Dans cette actualité, l’INC vous propose un tour d’horizon du marché immobilier en France, des risques liés au secteur du crédit immobilier, et des recommandations du HCSF.

1 – Une forte croissance du marché immobilier

1.1 – Les prix de l’immobilier en hausse

1.2 – Les transactions et les constructions immobilières augmentent

1.3 – Le marché du crédit immobilier tiré par des taux historiquement bas

2 – Les risques liés au crédit immobilier

2.1 – Un allongement de la durée des crédits

2.2 – Une hausse de l’effort financier

2.3 – Une baisse de l’apport initial

2.4 – Les risques pour les établissements de crédit

3 – La conclusion et les recommandations du HCSF

1 – Une forte croissance du marché immobilier

1.1 – Les prix de l’immobilier en hausse

Depuis le 1er trimestre 2015, le prix des logements anciens en France (hors Mayotte) n’a cessé d’augmenter. L’indice des prix des logements anciens est passé de 100 (au 1er trimestre 2015) à 110,8 au 3ème trimestre 2019. Soit une hausse de + 10,8 % en moins de cinq ans.

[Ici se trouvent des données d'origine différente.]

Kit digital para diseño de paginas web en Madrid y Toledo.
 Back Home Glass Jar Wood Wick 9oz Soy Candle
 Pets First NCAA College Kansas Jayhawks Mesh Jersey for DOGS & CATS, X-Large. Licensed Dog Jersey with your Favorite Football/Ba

1.2 – Les transactions et les constructions immobilières augmentent

Entre le 1er trimestre 2015 et le 3ème trimestre 2019, le nombre de transactions de logements anciens a augmenté de + 51,9 %, passant de 697 000 logements anciens vendus au 1er trimestre 2015 (cumulés sur 12 mois) à 1 059 000 logements vendus. Le nombre de transactions est en hausse quasi continue sur la période, sauf sur les trois premiers trimestres de 2018, où on constate un léger repli des transactions.

Le nombre de logements neufs réservés (vendus) a également fortement augmenté : + 10 % entre 2015 (102 536 logements réservés) et 2018 (112 744 logements réservés).

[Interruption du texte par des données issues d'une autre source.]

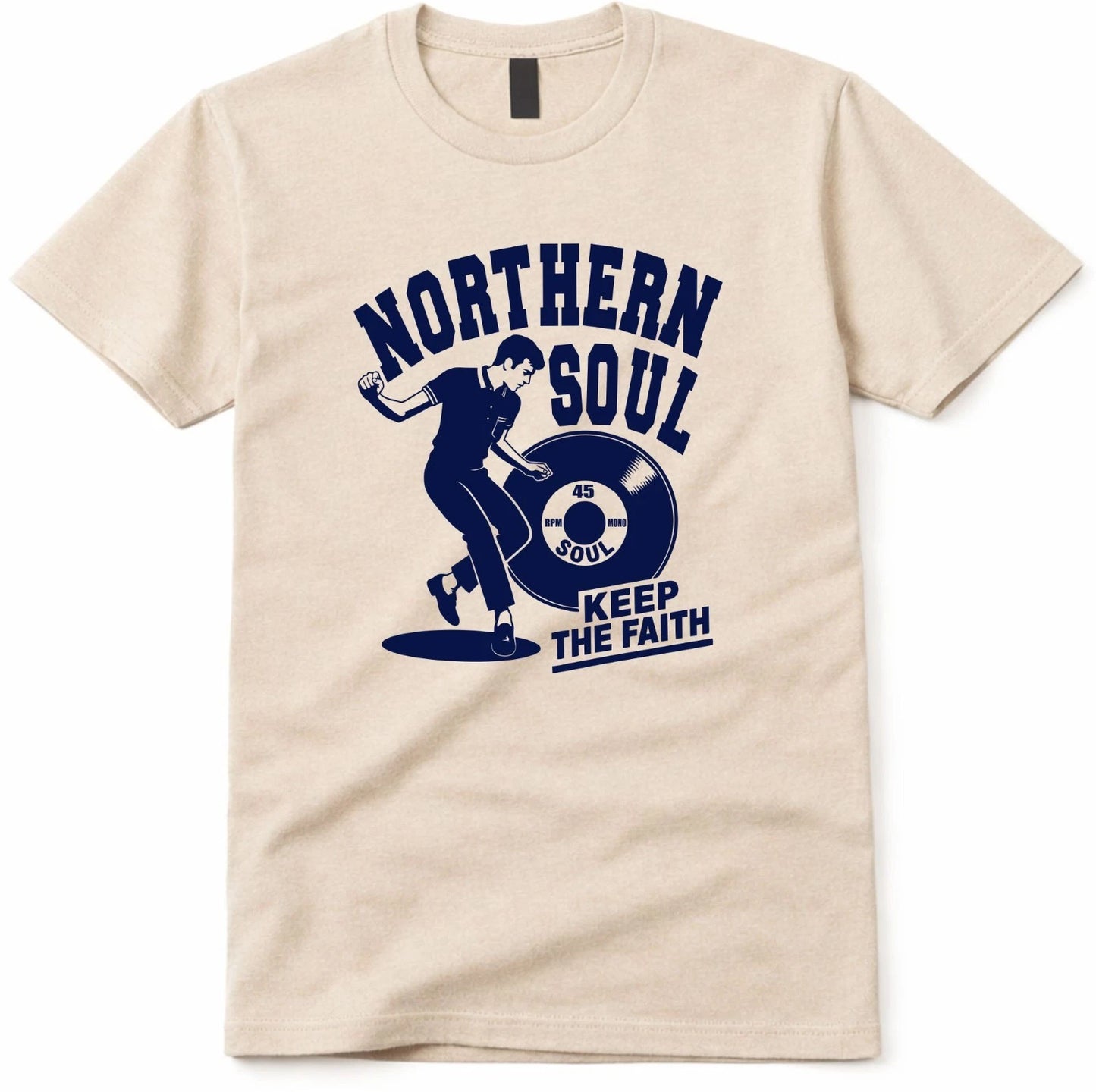 Northern Soul T Shirt Keep The Faith Retro Mod Wigan Casino Soul Music Unisex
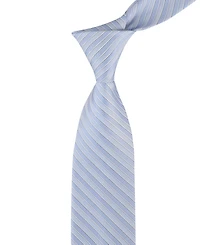 Calvin Klein Men's Classic Fit Manzon Striped Tie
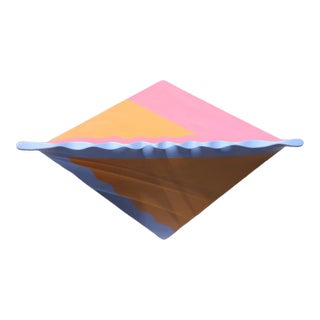 "Ripple Corner" Abstract Corner Wall Sculpture 1970s For Sale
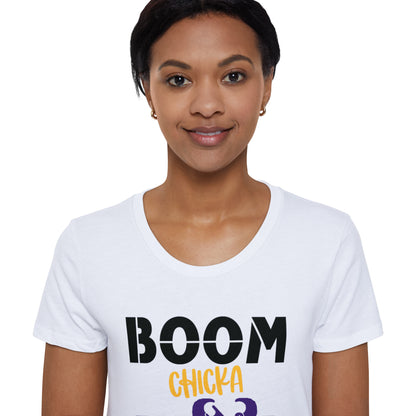 Women's Organic T - BOOM chicka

Sur la même période, le nombre de logements autorisés à la construction pour les particuliers a progressé de + 13,4 %, passant de 404 900 logements autorisés en 2015 à 459 200 en 2018.

1.3 – Le marché du crédit immobilier tiré par des taux historiquement bas

Les taux d’intérêt annuel pratiqués auprès des particuliers pour les crédits immobiliers ont fortement baissé ces dernières années. En janvier 2015, le taux d’intérêt annuel moyen était de 2,57 %, il est descendu à 1,20 % en novembre 2019, un niveau historiquement bas.

La faiblesse des taux d’intérêt pour les crédits immobiliers a engendré une hausse de ces derniers de + 21,6 % entre janvier 2015 et novembre 2019. L’encours des crédits à l’habitat accordés aux particuliers (autrement dit ? la somme globale des crédits immobiliers en cours) est passé de 836 537 millions d’euros en début de période à 1 071 005 millions d’euros en fin de période.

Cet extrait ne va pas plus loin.